Destaca que «en aquel contexto la política penitencia mostró toda su crudeza en el caso de nuestro familiar», que apareció ahorcado en su celda. «La cárcel es un sistema opaco en el que, por sus propias características, no se puede llegar a saber cómo sucedieron las cosas, pero lo que está claro es que las medidas mencionadas -en referencia a las medidas de excepción- tienen por objeto destruir a la persona, en su aspecto humano, y a la vez destruir al colectivo de presos como baza política».

«Tenemos muy claro que este objetivo en nuestro caso se manifestó de la manera más trágica. A nuestro familiar se lo llevaron de nuestros brazos, se llevaron a una persona con ansias de vivir, dinámica, muy querida en su entorno, y nos devolvieron su cadáver», apunta. Remarca que la política carcelaria «conlleva en muchos casos la destrucción física y sicológica de la persona presa, y genera indefensión, ya que obstaculiza la posibilidad de ser amparado por sus allegados».

¿Hubiera sido evitable? A su juicio «hubiera bastado con aplicar la legislación penitenciaria de acuerdo a estándares internacionales, respetuosos con los derechos humanos de las personas presas y de sus familiares». «Y no fue así por el propio diseño y la finalidad que se ha dado a la política penitenciaria durante décadas, haciendo de ella una herramienta para fortalecer posiciones políticas, aun a costa de socavar derechos fundamentales», remarca para incidir en que «los suicidios que se pudieran dar en estas circunstancias son suicidios inducidos por el propio sistema».

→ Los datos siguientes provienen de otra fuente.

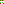 Destellos dst-8692454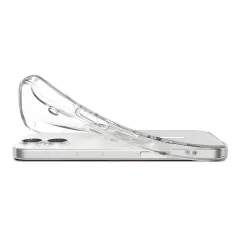Apple iPhone 17 ümbris  SPIGEN LIQUID CRYSTAL MAG MAGSAFE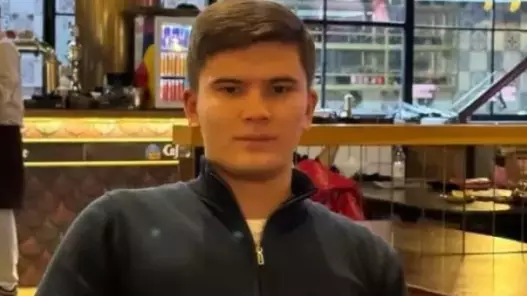 Казахстанец приговорен к пожизненному сроку в Дубае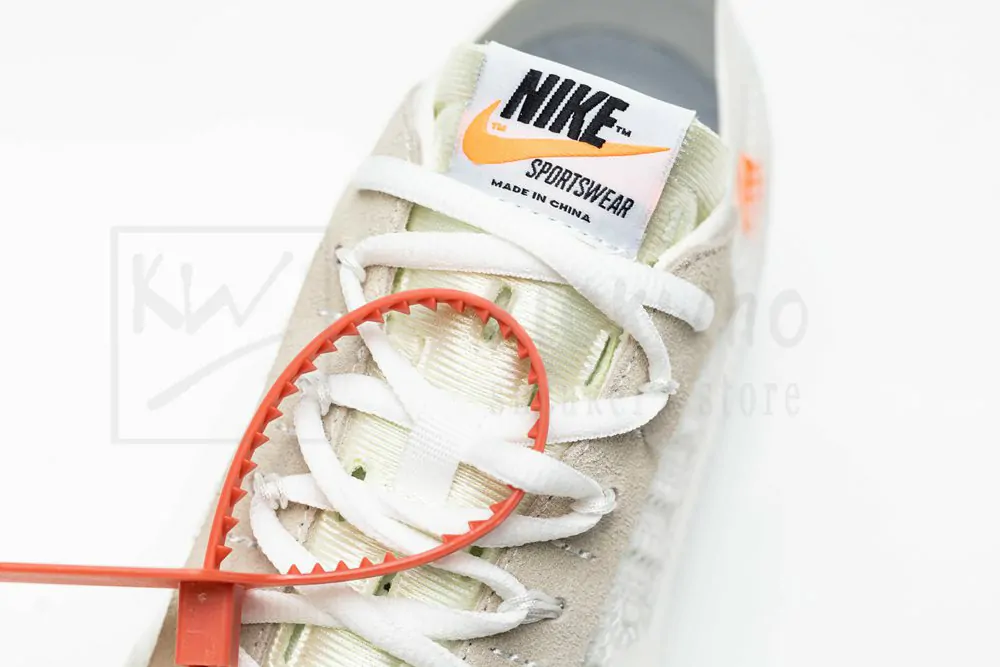 off-white x air vapormax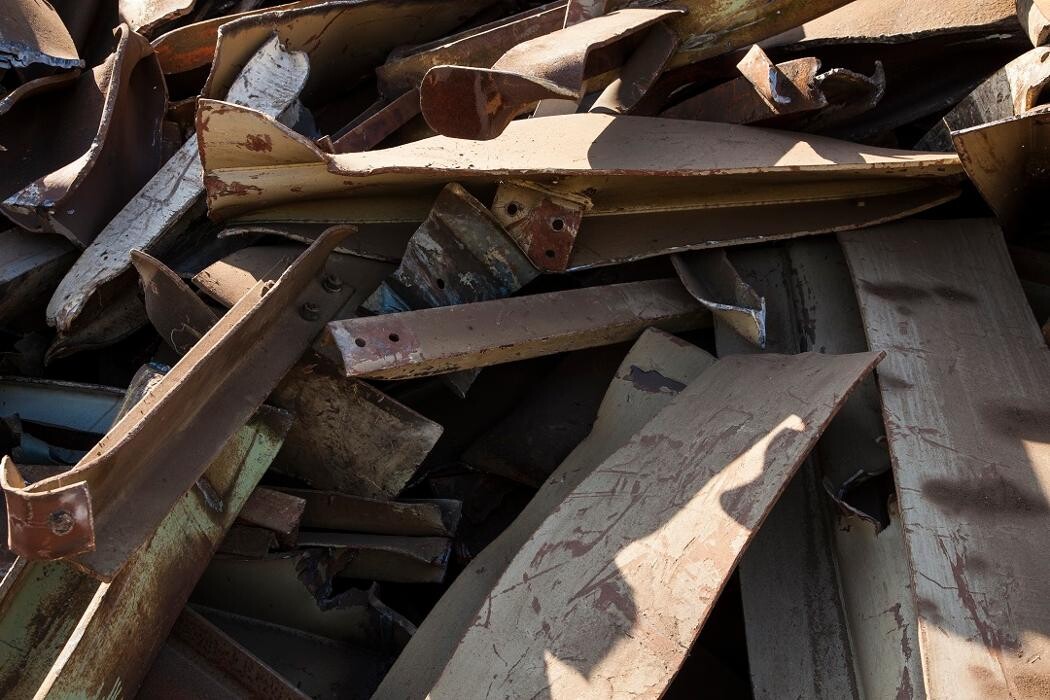 Bilder TSR Deutschland GmbH & Co. KG // Niederlassung Hückeswagen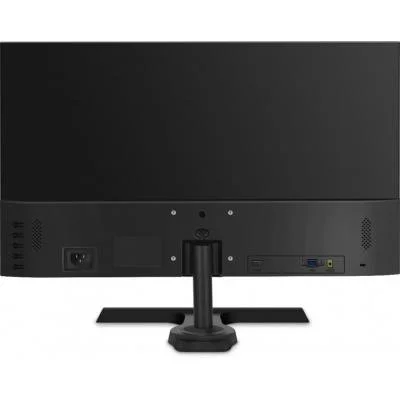 Монитор EvroMedia 75Hz i27, фото №2 Монитор EvroMedia 75Hz i27, фото №2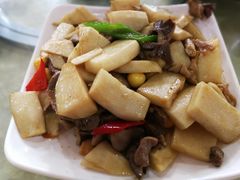 -区海鸡场饭店(石壁店)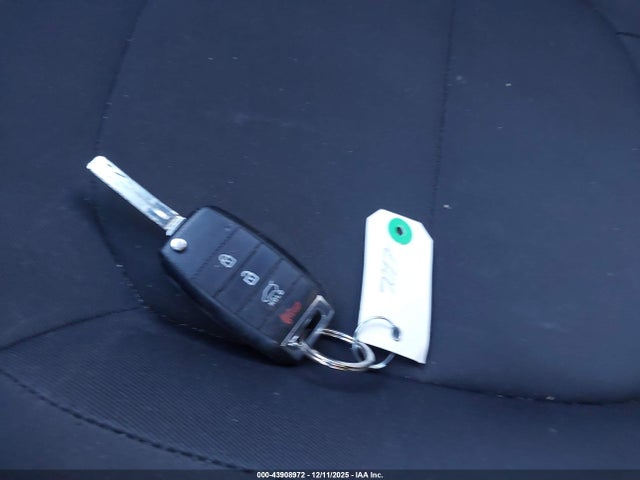 KIA Soul 2019 KNDJN2A22K7667678 Image 11
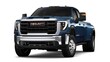  GMC Sierra 3500 HD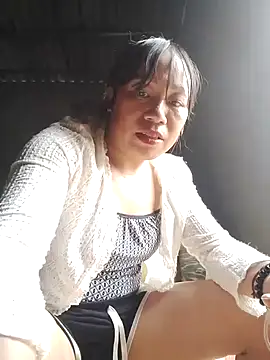 Moon_squirtt's Live XXX Chat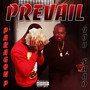 Prevail (Explicit)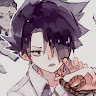 Avatar de Hiraku xd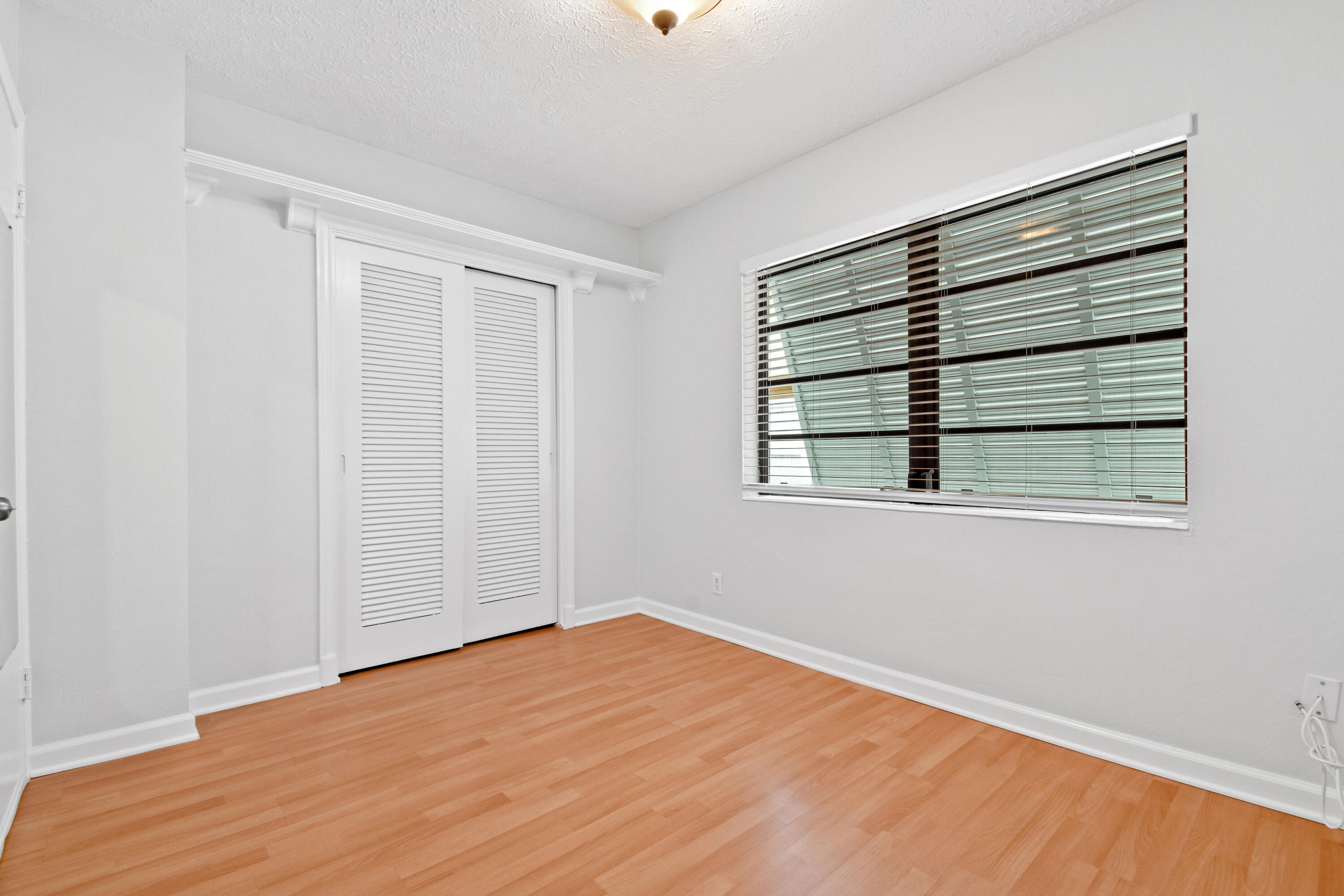 214 Seville Road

Cita otros casos similares ocurridos en los últimos años, como los de Xabier Rey, fallecido en 2018 en Puerto III, e Igor González Sola, muerto en 2020 en Martutene. «Hubieran sido perfectamente evitables. No fueron accidentes, no fueron casos aislados. Responden al diseño de la política penitenciaria», enfatiza tras aseverar que «la vulneración de los derechos humanos de los presos, con sus consecuencias más trágicas», se inicia hace 35 años, con la puesta en marcha de la dispersión, «y ha llegado hasta nuestros días».

Memoria constructiva Subraya la importancia de recuperar la memoria de aquellas personas que han sufrido una vulneración de derechos en las cárceles, y reclama para ellas verdad, justicia y reparación. Lamenta que en algunos casos es imposible una reparación, «porque la pérdida de una vida humana no tiene reparación, pero sí se puede dar un reconocimiento de la violencia sufrida por presos y por sus familiares. Es una asignatura pendiente y debe ser incluida en un ejercicio colectivo de recuperación de memoria».

«A la hora de afrontar la construcción de la memoria entiendo que debería ser desde un punto de vista incluyente. Si queremos que tenga una función constructiva de cara a la convivencia, de cara al futuro, de cara a las nuevas generaciones, tiene que ser integradora, y recoger el conjunto de las vulneraciones de derechos humanos habidas», apunta.

Manifiesta que «todas las vulneraciones tienen que tener su espacio en la memoria» y afirma que «es un ejercicio imprescindible, aunque reconozco que para las personas a las que nos ha tocado vivirlo, de manera muy cercana, y de manera trágica, este ejercicio no es fácil, porque conlleva recordar momentos dolorosos».

Por ello, considera que deben darse pasos, «fuera de la pugna meramente política, de la batalla del relato, donde se trata de poner una versión de lo acontecido que conlleva al negación dl sufrimiento del otro y que conlleva la propia negación de las vulneraciones de derechos ocurridas».

Esos pasos conllevan también cambios en la política penitenciaria actual, ya que, si bien se han dado avances «incuestionables» con traslados a prisiones vascas y el fin del primer grado, todavía no se ha cerrado «el ciclo de las medidas de excepción, y es urgente acometerlo». No en vano, una veintena de represaliados vascos han muerto en la cárcel y 16 personas han perdido la vida en las carreteras en yendo o volviendo de alguna prisión.